IRELAND -- Rev. Donal Collins was known as "The Slinker" or "Paws." That's because he would prowl the dormitory at St. Peter's College in Wexford, Ireland, at night, looking for boys to indulge his perverted sexual desires.

The Diocese of Ferns received the first complaints of abuse against Father Collins in 1966. The bishop treated the case as a moral failure and sent the teacher-priest away, but he returned two years later and the abuse resumed. Some boys complained about demands for mutual masturbation and oral sex, but officials did nothing and Father Collins kept being promoted. The wave of complaints did not force his resignation until 1991. Two years later, he admitted to the abuses. He served one year in jail and was not defrocked until 2004 – 38 years after his sexual crimes began.

A Catholic priest blesses a child during communion in Belfast, Northern Ireland, Sunday.

Father Collins was just one of many Irish priests who got away with abusing children for many years, even decades, as the Catholic church in Ireland protected its own or failed to understand the severity of the allegations. Eventually, three state investigations were launched, two of them last year, each a damning chronicle of sexual horror. The Vatican refused to co-operate in those probes. But this weekend, Pope Benedict XVI apologized for the trauma inflicted on the victims and their families.

The Pope's unprecedented apology for the Irish scandal will only erode the credibility and authority of the Catholic church rather than salvaging its reputation, critics said Sunday. They said the Pope had made a tactical and moral error by not addressing similar scandals that are erupting all over the globe or spelling out precise disciplinary action.

The Pope's long-awaited 4,700-word apology, read aloud in Irish churches Sunday, may have been simple and direct but was flawed because of its omissions, critics said.

Pope Benedict greets the faithful during prayers on Sunday at the Vatican.

"There is a difference between being sorry and accepting responsibility," Colm O'Gorman, co-founder of a sexual-abuse victims' group, One in Four, and author of Beyond Belief , the best-selling book about the clerical abuse he himself suffered, said in an interview. "Nowhere in the document is there an acceptance of responsibility. It's clear that the Pope and the Vatican are determined not to address this global crisis."

Addressing the Irish victims and their families directly, the papal message said: "You have suffered grievously and I am truly sorry. I know nothing can undo the wrong you have endured. Your trust has been betrayed and your dignity has been violated."

He was critical of the Irish church's handling of the scandal, which came to light in the early 1990s even though cases of child molestation had been occurring since the 1940s. Referring to the Irish bishops, the Pope said, "Some of you and your predecessors failed, at times grievously, to apply long-established norms of canon law to the crime of child abuses … it must be admitted that grave errors of judgment were made and failures of leadership occurred.
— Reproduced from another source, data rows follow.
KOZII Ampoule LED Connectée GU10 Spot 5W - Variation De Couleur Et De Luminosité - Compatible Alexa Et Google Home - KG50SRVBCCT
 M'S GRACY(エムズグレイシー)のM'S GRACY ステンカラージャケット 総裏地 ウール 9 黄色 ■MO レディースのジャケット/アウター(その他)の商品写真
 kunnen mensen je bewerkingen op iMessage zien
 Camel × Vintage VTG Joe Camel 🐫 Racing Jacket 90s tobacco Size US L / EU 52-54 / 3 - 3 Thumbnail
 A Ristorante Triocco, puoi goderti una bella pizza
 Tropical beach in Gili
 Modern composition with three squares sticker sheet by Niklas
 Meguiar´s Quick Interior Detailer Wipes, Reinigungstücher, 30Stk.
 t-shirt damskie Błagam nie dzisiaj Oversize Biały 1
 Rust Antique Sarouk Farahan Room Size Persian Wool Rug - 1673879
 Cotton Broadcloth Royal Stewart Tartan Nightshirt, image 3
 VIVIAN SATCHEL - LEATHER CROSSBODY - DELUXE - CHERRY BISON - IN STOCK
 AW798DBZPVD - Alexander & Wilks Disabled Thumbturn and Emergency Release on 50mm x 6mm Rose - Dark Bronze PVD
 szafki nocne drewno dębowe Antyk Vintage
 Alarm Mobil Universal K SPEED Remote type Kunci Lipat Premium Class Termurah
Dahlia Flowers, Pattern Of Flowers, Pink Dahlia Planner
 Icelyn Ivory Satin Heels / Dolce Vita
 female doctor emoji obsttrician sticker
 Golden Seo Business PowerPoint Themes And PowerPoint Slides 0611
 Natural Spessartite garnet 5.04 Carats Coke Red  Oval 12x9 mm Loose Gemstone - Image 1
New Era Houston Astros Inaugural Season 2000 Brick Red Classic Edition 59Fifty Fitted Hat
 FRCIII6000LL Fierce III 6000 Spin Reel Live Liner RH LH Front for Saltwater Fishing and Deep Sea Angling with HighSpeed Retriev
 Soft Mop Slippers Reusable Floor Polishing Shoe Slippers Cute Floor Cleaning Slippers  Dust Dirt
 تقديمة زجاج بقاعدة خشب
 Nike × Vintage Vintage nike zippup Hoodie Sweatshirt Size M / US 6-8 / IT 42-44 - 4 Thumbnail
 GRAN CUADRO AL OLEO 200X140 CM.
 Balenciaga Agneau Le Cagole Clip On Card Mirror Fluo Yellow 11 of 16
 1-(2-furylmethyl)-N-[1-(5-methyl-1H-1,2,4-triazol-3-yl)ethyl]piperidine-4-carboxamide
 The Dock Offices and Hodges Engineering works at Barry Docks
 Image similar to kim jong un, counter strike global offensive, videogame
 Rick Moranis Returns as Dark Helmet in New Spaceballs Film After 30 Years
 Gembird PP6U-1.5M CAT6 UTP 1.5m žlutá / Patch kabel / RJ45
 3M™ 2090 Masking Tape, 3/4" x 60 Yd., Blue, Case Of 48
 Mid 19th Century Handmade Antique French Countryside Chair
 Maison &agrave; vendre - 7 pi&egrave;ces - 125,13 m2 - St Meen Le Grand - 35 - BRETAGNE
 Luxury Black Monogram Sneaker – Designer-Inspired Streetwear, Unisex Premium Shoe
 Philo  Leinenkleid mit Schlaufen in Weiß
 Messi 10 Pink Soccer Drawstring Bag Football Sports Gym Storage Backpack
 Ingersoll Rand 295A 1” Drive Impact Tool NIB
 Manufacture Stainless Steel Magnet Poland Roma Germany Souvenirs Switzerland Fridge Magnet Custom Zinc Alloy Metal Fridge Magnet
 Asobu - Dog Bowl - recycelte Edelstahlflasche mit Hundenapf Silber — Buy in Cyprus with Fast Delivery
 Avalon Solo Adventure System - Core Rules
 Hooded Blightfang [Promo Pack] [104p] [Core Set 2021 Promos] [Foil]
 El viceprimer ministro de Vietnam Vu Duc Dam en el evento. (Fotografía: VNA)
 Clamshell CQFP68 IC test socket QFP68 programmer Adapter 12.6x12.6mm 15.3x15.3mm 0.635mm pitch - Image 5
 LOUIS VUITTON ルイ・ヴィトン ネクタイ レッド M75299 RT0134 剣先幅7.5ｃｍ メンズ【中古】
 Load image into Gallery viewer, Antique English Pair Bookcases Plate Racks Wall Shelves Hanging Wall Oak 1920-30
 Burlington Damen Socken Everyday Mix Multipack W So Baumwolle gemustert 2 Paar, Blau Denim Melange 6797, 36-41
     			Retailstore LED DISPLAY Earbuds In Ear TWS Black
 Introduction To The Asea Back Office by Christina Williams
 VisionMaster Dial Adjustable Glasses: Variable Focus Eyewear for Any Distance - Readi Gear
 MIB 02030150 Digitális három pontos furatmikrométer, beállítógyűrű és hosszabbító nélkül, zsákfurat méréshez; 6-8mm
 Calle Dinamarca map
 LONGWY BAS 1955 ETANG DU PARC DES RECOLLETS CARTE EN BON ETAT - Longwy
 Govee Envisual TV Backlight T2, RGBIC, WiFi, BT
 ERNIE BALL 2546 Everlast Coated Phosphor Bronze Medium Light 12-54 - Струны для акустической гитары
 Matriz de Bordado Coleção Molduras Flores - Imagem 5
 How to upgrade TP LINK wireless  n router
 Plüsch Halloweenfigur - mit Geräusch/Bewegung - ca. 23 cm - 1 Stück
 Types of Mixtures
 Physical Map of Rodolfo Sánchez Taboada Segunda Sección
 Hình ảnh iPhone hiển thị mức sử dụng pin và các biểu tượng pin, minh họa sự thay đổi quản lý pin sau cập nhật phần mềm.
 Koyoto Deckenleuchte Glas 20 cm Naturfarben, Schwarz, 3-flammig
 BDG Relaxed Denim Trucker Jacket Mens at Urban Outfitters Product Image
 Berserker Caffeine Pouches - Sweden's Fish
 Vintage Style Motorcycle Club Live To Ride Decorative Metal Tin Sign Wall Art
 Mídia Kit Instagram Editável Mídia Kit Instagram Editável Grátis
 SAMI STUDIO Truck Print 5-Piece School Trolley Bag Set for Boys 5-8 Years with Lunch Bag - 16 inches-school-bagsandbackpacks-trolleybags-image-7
All this has seriously undermined your credibility and effectiveness."

The Pope did not specifically insist that cases of abuse be reported to the police; the victims want criminal law, not ecclesiastical (or canon) law, to be applied. Nor did he admit that much of the abuse was covered up or mention the cases that are rocking the Catholic church in other countries, including his native Germany.

"The Pope is the one person who could do more than anyone to protect children by ensuring that the police be notified of sexual abuse," Mr. O'Gorman said. "He has central command power [in the Church] and he has not done this."

Benedict's apology was not condemned by all abuse victims, partly because he announced that some dioceses will be investigated under so-called Apostolic Visitations, and because the Irish bishops did not get off lightly. Patrick Walsh, co-founder of Irish Survivors of Child Abuse, told the BBC that he found the Pope's letter "unprecedented" and "encouraging."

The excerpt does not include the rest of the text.